**SOURCE MATERIAL**
--------------------

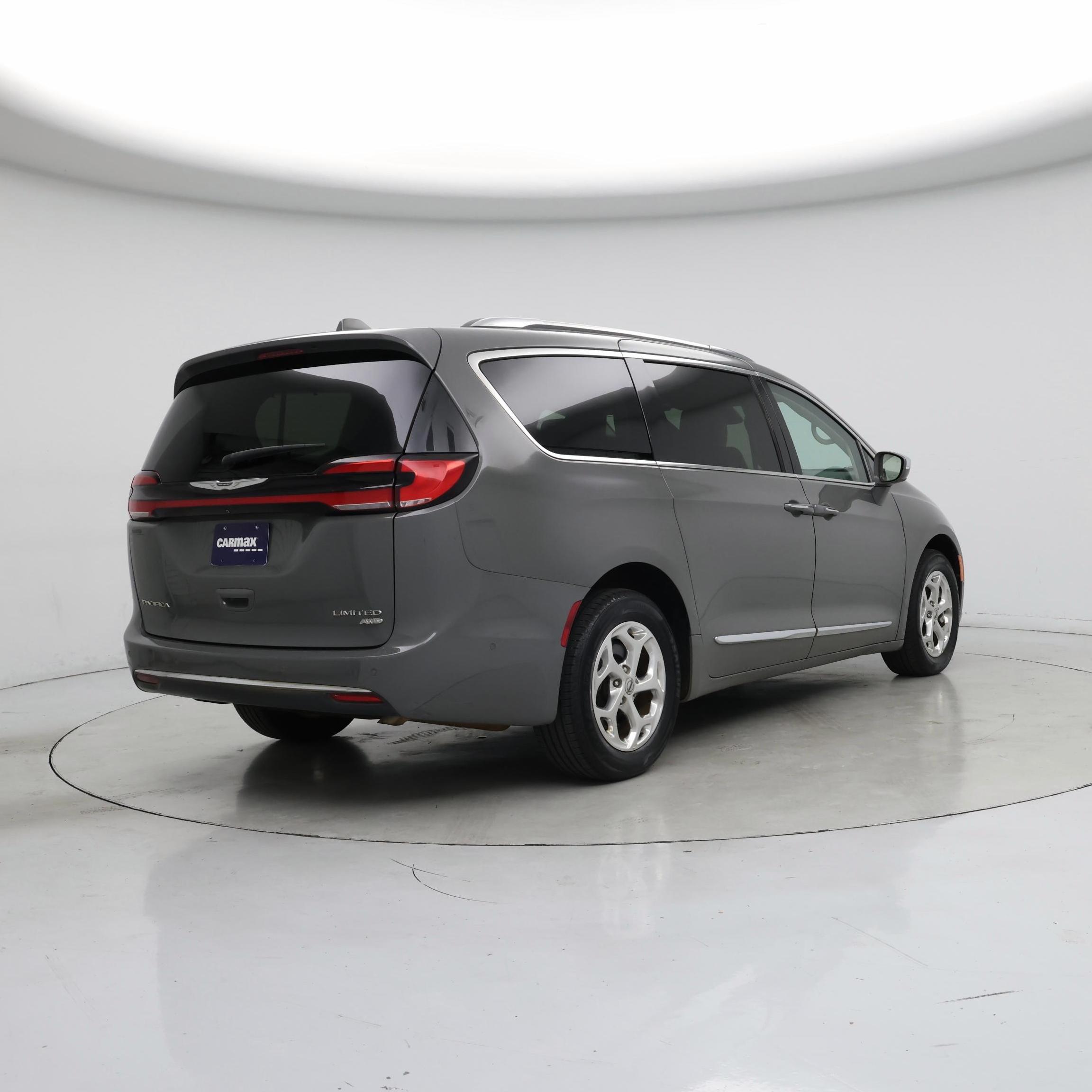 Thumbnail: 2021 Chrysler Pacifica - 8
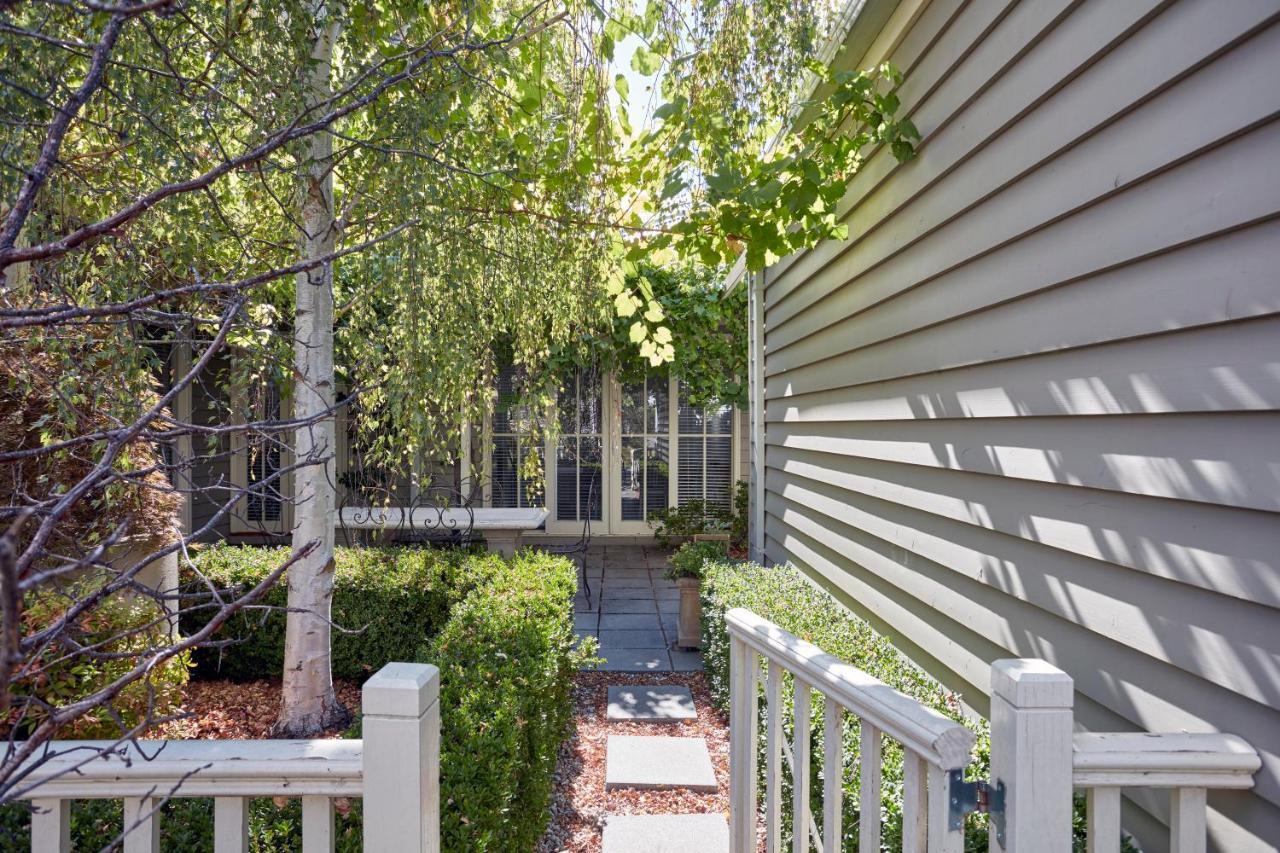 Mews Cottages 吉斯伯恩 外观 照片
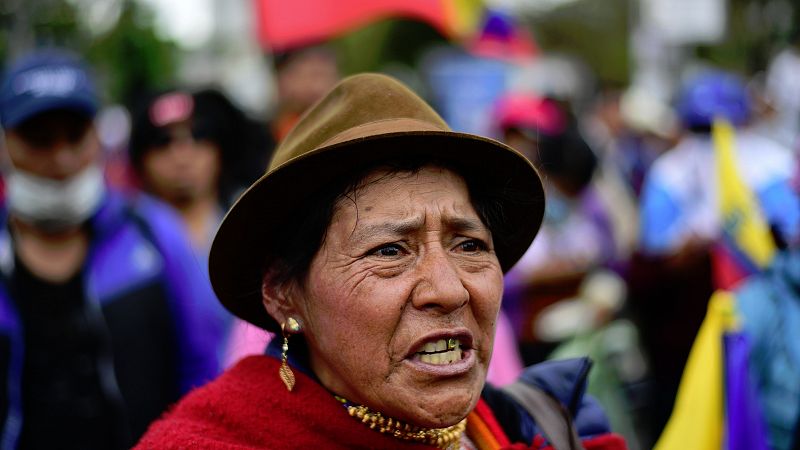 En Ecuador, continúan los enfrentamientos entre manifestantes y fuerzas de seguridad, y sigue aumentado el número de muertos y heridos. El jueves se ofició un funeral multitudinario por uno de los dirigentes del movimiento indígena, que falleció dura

--------------------

**REQUIRED ACTION**
Print the listing again exactly as it appears, except for the pictures, which stay out.

**EXERCISE RESPONSE**
 Thumbnail: 2021 Chrysler Pacifica - 8
 Mews Cottages 吉斯伯恩 外观 照片
 En Ecuador, continúan los enfrentamientos entre manifestantes y fuerzas de seguridad, y sigue aumentado el número de muertos y heridos. El jueves se ofició un funeral multitudinario por uno de los dirigentes del movimiento indígena, que falleció dura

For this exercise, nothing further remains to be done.